I was once sent to an interview where the agency had forwarded my CV, but it was clear when I got there that the job was nothing like what I had been told, and the client was quite upset at the waste of time. After 15 minutes, the interviewer showed me "my" CV, which was my CV, but altered almost beyond recognition by the agency. Need I say that I ensured that I never dealt with them again and that they removed my details from their system (sent a "cease & desist") letter.

Back on topic, typical current rates for longer term contracts are between 8 - 12%. This may be higher for short term contracts with lots of personnel turn over (up to 25% not unknown).
 
#58
If I took 30% of everything you earned, I'd consider it very reasonable.
Mike of Mikes Carpets (Leeds) fame once said, "the trick is to get everyone to give you a quid, then you'd be a millionaire".
 
#59
No, sorry I must have explained it wrong.
We were paying £295 to the agency, daily.

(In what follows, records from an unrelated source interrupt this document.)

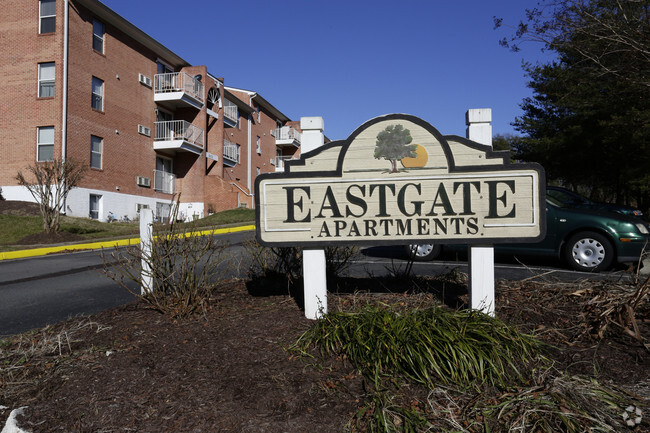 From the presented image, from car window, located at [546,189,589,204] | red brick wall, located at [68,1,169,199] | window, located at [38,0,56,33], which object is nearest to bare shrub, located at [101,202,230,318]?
car window, located at [546,189,589,204]

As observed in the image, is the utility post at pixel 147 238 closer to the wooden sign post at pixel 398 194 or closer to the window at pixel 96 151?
the wooden sign post at pixel 398 194

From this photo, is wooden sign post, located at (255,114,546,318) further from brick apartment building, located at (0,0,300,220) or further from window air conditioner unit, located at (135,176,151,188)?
window air conditioner unit, located at (135,176,151,188)

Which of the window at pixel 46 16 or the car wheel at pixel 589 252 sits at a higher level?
the window at pixel 46 16

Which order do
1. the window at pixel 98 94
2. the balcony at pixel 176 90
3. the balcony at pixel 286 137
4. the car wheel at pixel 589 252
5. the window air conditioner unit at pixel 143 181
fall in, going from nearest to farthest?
the car wheel at pixel 589 252 < the window at pixel 98 94 < the window air conditioner unit at pixel 143 181 < the balcony at pixel 176 90 < the balcony at pixel 286 137

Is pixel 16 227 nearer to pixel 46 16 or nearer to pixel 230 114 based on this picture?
pixel 46 16

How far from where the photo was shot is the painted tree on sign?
12.8 ft

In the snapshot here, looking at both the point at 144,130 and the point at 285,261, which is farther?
the point at 144,130

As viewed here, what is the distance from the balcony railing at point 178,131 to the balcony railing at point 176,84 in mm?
1690

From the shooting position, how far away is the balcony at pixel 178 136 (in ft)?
86.4

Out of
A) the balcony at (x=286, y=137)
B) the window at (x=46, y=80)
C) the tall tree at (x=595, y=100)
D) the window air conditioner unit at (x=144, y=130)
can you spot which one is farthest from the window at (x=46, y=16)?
the balcony at (x=286, y=137)

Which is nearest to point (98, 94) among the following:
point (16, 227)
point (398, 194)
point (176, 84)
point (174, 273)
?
point (176, 84)

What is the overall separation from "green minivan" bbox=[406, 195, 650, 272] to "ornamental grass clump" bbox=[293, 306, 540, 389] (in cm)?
495

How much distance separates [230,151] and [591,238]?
27856 millimetres

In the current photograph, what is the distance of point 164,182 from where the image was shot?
1094 inches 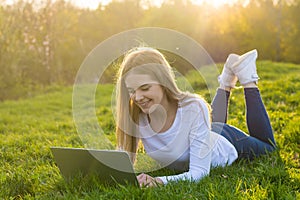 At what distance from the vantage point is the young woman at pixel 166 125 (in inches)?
98.9

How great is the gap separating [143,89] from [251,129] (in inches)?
50.2

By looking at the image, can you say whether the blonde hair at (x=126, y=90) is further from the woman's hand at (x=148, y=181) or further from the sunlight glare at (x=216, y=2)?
the sunlight glare at (x=216, y=2)

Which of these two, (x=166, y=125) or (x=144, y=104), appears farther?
(x=166, y=125)

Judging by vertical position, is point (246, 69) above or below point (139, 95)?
above

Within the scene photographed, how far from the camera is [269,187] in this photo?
2.34 m

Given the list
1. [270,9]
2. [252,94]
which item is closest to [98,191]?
[252,94]

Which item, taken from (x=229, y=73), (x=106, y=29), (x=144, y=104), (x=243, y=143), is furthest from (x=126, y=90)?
Answer: (x=106, y=29)

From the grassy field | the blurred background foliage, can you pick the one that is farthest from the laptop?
the blurred background foliage

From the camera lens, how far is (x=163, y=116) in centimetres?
272

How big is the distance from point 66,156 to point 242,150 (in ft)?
4.40

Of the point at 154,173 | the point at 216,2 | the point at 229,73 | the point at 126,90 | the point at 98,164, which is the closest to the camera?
the point at 98,164

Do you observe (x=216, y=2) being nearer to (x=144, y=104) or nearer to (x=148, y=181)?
(x=144, y=104)

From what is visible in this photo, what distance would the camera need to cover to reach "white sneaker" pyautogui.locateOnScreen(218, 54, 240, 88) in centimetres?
353

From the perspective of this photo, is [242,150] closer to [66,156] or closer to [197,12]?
[66,156] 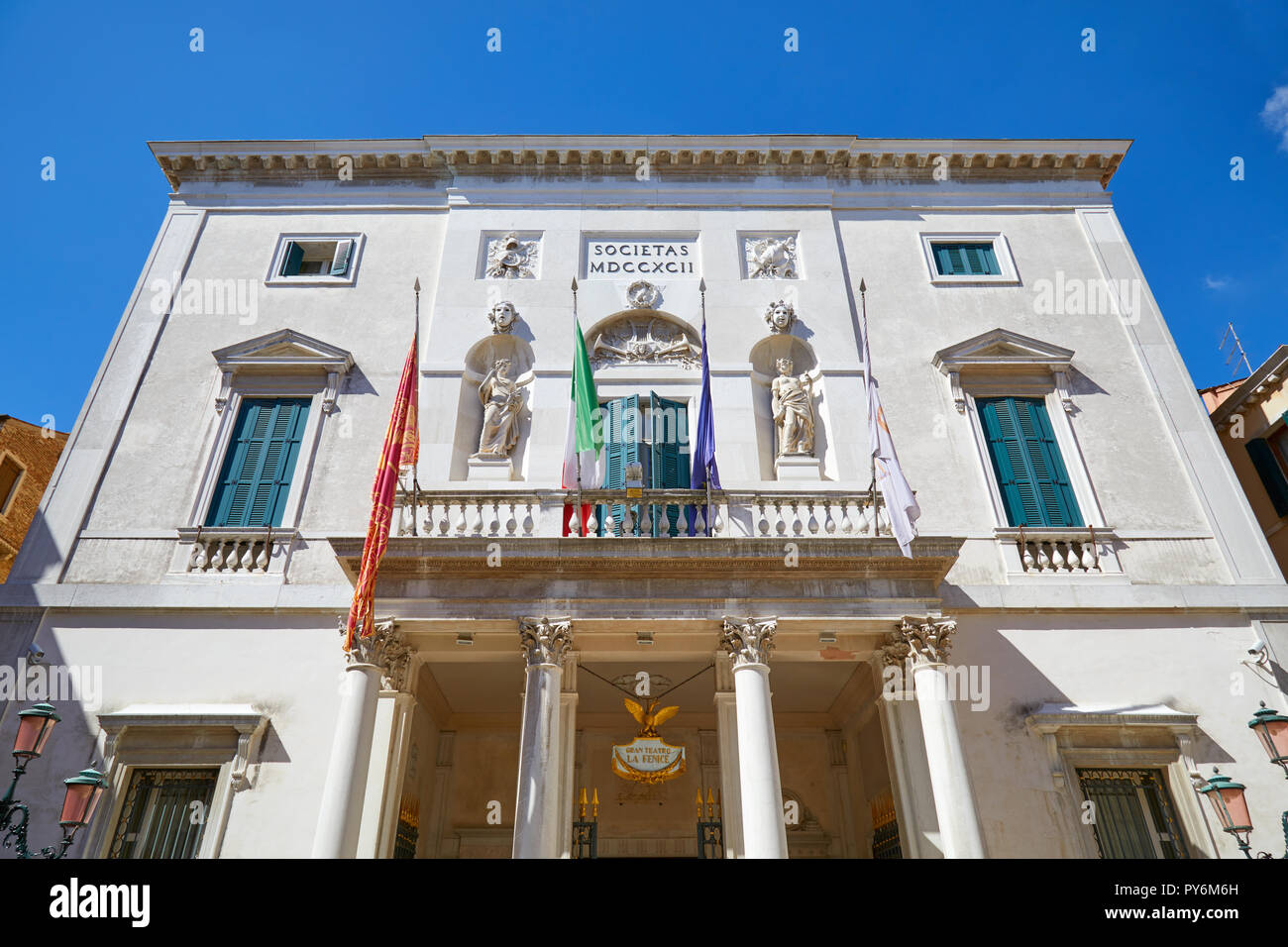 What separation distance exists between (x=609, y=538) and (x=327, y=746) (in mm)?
4825

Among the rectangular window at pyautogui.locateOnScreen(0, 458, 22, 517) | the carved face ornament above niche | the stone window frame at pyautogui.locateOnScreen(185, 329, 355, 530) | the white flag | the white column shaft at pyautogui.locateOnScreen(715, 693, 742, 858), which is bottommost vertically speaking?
the white column shaft at pyautogui.locateOnScreen(715, 693, 742, 858)

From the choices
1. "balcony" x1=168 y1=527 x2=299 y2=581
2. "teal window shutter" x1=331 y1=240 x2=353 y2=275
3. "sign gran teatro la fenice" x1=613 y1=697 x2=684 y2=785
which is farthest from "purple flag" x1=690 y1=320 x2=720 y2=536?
"teal window shutter" x1=331 y1=240 x2=353 y2=275

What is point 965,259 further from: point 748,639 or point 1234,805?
point 1234,805

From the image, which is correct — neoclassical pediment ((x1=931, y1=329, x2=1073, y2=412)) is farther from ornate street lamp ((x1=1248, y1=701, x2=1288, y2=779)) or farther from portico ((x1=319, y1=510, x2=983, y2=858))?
ornate street lamp ((x1=1248, y1=701, x2=1288, y2=779))

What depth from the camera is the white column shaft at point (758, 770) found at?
979 cm

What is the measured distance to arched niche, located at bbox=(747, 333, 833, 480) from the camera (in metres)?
14.4

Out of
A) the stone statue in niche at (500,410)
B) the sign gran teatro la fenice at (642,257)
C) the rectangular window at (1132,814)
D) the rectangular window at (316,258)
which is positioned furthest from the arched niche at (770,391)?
the rectangular window at (316,258)

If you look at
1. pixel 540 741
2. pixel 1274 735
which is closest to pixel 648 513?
pixel 540 741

They paid him £250 a week.
So, you're claiming that they were paying him at or below minimum wage then, for a highly qualified job that commands a fee close to £300 a day, either they were the most productive agency ever.....or you're talking pure crap
 
#60
So, you're claiming that they were paying him at or below minimum wage then, for a highly qualified job that commands a fee close to £300 a day, either they were the most productive agency ever.....or you're talking pure crap

No, they’d blagged him about some Welsh Government work programme, where he got £250 a week (that’s more than minimum isn’t it? This was 2012) and was meant to get training. They had enrolled him, and billed us, on some watered down distance learning thing actually. Cost under a grand.